Cash App Borrow, which makes mostly short duration loans to Cash App users, is part of Square Financial Services, the industrial bank unit of Jack Dorsey's Block. Square Financial Services also offers business loans and interest-bearing savings accounts. Borrow loans are repaid in four weeks. 

Users can choose to pay back the loan in a lump sum or through a series of installments.

Instead of traditional interest rates, Cash App Borrow typically charges a flat fee (often around 5%) for the loan. If the loan is not repaid within the payback period, additional late fees may apply.

The secret sauce for Borrow is its underwriting. Like many fintechs that offer lending, Block's underwriting relies less on credit scoring than on payment patterns. A borrower's transaction behavior is part of the vetting progress. "In a few weeks of payments, we can get a good look at their financial health," Hernandez said. Block tracks a customer's activity on Cash App to produce what it calls a Cash App Score, which the borrower can view on the app. 

Each loan includes an upfront fee, which is designed to avoid "ongoing" debt. Eligibility is assessed before each new Borrower loan, taking into account more recent account activity and repayment behavior. 

For the first quarter of 2026, Block's new customers had a 3.16% risk loss rate, or the percentage of the portfolio that the company expects to lose to defaults; 7- to 12-month customers had a 3.01% risk loss rate, and customers who had been on Cash App's platform for more than 13 months had a 2.67% loss rate.

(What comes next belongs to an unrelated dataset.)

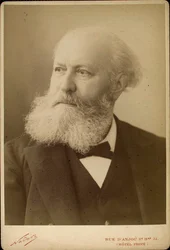 Charles Gounod, compositeur français, fin 19ème siècle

Since the FDIC approval, more than 15 million active (or monthly) Cash App users have accessed Borrow, according to the company, noting the loans are generally to bridge temporary cash flow gaps, cover unexpected expenses and manage daily financial needs. It's a different need than BNPL, which finances purchases.

Among consumers who have used Borrow for personal loans, 19% have household incomes below $30,000, 25% earn between $30,000 and $70,000, and a majority (56%) report household incomes above $70,000. Block argues this reinforces the need for short-term liquidity is not confirmed to a single income level. 

"We've been able to reach younger demographics that don't trust traditional credit," Hernandez said. 

Measuring risk

Block and other payment fintechs such as PayPal and Flex use their relationships with small businesses and consumers to lure borrowers from banks, which have longer decision times for personal loans. While these fintechs generally use sponsor banks to manage underwriting, compliance and other parts of risk management, the FDIC permission enables Block to manage the entire lending process and keep more of the revenue. Block had previously used First Electronic Bank, a Utah-based industrial bank, to support the loans, and still uses sponsor banks for some of its small-business loans. 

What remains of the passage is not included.